[DATA EXTRACT Boundary: Start]

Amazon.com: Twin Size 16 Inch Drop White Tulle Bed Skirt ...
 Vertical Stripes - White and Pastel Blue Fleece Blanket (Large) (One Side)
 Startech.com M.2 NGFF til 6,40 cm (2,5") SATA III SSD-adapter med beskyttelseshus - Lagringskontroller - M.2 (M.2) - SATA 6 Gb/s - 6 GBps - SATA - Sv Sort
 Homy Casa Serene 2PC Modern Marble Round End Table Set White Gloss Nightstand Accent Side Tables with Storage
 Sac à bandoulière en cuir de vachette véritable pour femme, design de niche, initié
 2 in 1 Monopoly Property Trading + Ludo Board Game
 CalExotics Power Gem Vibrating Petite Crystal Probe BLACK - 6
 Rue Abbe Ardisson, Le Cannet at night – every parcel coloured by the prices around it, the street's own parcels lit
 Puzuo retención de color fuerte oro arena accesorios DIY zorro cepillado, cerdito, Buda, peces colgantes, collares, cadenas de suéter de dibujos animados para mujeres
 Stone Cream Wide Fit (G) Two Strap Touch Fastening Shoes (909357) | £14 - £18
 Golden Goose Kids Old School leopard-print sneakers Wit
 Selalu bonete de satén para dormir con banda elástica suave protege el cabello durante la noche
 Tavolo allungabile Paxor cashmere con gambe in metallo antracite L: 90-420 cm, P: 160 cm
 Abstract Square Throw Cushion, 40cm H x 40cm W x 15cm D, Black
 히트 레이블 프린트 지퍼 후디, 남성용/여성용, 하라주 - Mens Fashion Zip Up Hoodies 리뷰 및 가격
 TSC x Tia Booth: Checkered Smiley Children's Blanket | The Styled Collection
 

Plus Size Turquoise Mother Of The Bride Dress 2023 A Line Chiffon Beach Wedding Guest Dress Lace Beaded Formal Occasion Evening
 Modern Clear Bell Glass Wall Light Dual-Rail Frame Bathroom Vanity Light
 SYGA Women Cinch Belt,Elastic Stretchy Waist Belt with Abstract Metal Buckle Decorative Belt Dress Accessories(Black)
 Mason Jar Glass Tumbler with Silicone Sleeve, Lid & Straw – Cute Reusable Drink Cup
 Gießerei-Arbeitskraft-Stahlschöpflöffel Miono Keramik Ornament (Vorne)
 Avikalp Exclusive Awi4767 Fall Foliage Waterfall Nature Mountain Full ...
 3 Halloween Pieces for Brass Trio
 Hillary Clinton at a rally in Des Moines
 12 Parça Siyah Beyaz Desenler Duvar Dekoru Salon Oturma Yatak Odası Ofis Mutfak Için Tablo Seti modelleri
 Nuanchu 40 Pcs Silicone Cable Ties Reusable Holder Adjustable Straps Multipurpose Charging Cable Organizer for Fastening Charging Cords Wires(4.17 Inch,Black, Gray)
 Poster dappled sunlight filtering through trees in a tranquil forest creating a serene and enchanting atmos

[DATA EXTRACT Boundary: End]

__TASK PROMPT__
The response should consist only of the lines from the one containing "Gießerei-Arbeitskraft-Stahlschöpflöffel Miono Keramik" to the end of the material above, both included.

__REPLY TO THE EXERCISE__
 Gießerei-Arbeitskraft-Stahlschöpflöffel Miono Keramik Ornament (Vorne)
 Avikalp Exclusive Awi4767 Fall Foliage Waterfall Nature Mountain Full ...
 3 Halloween Pieces for Brass Trio
 Hillary Clinton at a rally in Des Moines
 12 Parça Siyah Beyaz Desenler Duvar Dekoru Salon Oturma Yatak Odası Ofis Mutfak Için Tablo Seti modelleri
 Nuanchu 40 Pcs Silicone Cable Ties Reusable Holder Adjustable Straps Multipurpose Charging Cable Organizer for Fastening Charging Cords Wires(4.17 Inch,Black, Gray)
 Poster dappled sunlight filtering through trees in a tranquil forest creating a serene and enchanting atmos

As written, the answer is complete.